We note that the model in Salova et al. (2019) considers a block diagonal structure of A , whereas ours considers a generic block structure. We also note that in Jovanović et al. (2014), a sparsity-promoting DMD model is presented where the sparsity is imposed on the number of the modes. We, however, impose a sparsity criterion on the operator A which is very natural for stock predictions.

3.1 Graph Construction

The graphs that we use are unweighted, directed graphs with self-loops. We shall use the terms “graph” and “adjacency matrix” interchangeably. When selecting variables in regression algorithms, one often looks into the correlations between variables. Predictor variables that have little correlations to the response variable may be dropped, whereas predictor variables that are highly correlated may be compressed via dimension reduction techniques. It is therefore intuitive to rank the variables based on absolute correlations. In the analysis of time series of stock prices, it is common to calculate correlations based on the time series of daily simple return r_i (t_j) = s_i (t_j)/s_i (t_j-1) -1 or daily log-return r_i (t_j) = ln(s_i (t_j)/s_i (t_j-1)) Tsay (2010). Both kinds of return yield similar correlations, we use the daily simple return for its intuitive interpretation. In the prediction of a stock’s price, we use only its top k correlated stocks (including the stock itself) whose absolute correlations pass a test of statistical significance. Specifically, we determine the 99% confidence interval for each absolute correlation and require that the lower bound of the interval lies above a threshold c > 0, so that the interval is well above zero. For each stock, the number of selected stocks varies between 1 and k inclusively.

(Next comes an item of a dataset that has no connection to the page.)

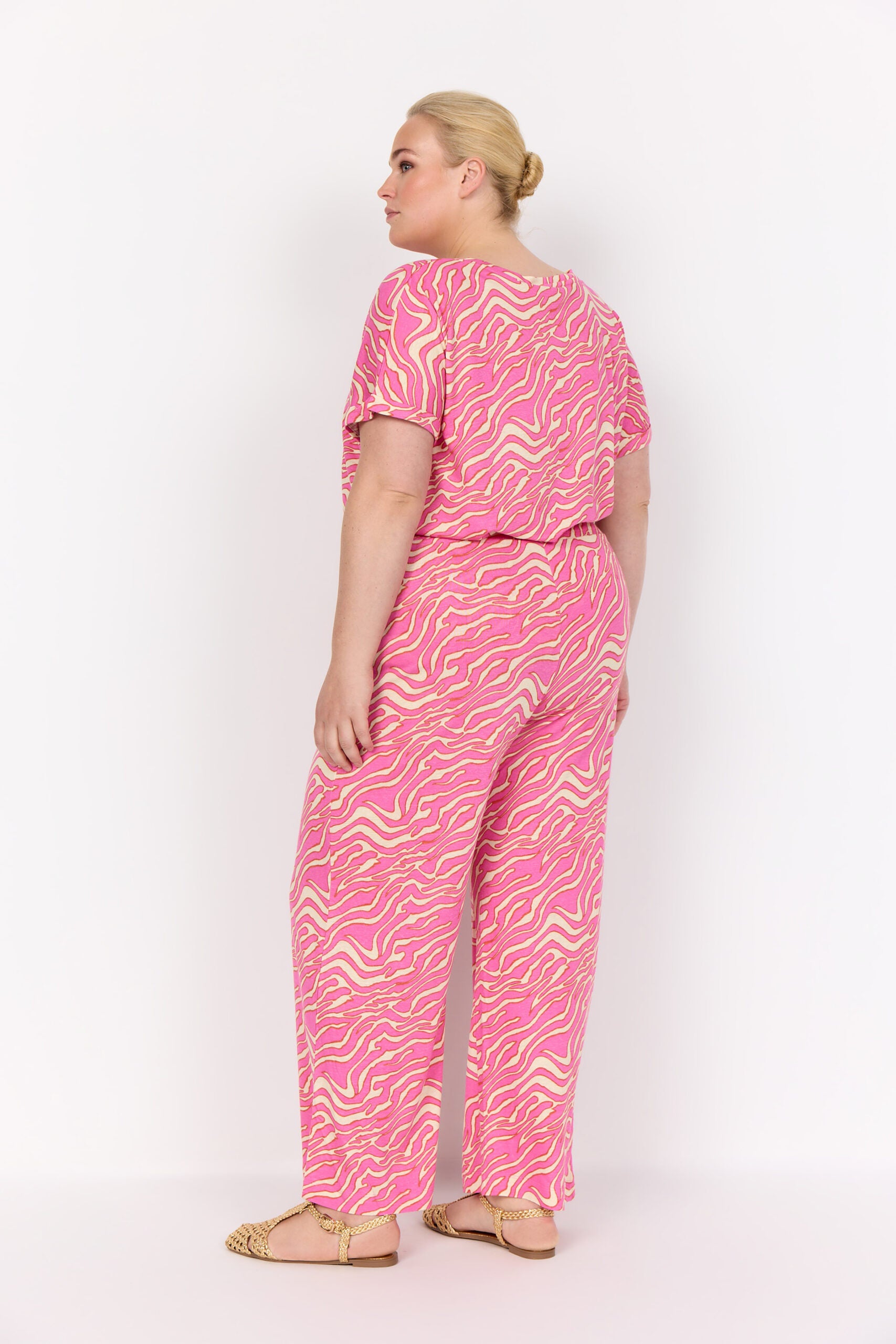 ryggen af model med kortærmet mønstret t-shirt i pink med rund hals. Wasabi WA-MAGGI 1 T-shirt Wild Rose Combi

3.2 Mathematical Formulation

We present a formulation to embed a graph into DMD. For a given graph G , we define the set of neighbors (children) of Stock i to be $N (i) = {j : G_{ij} = 1}$ . The size of a neighborhood $N (i)$ is denoted by N_i. As mentioned in the beginning of Section 3, the DMD formulation we propose solves the problem $\underset{A}{arg min} ∥ A X_{1} - X_{2} ∥_{F}$ subject to constraints A _ij = 0 if G _ij = 0, where A _ij is an L × L block in A . The predictions are then given by $\hat{x} (t_{M + τ}) = A x (t_{M}) .$

In the rest of this subsection, we describe the main ideas of our method to solve the above minimization problem efficiently. In the next subsection, we will describe a regularized version to enhance the stability of the method. The regularized version is the ultimate method to propose, whose performance will be evaluated in the Section 4.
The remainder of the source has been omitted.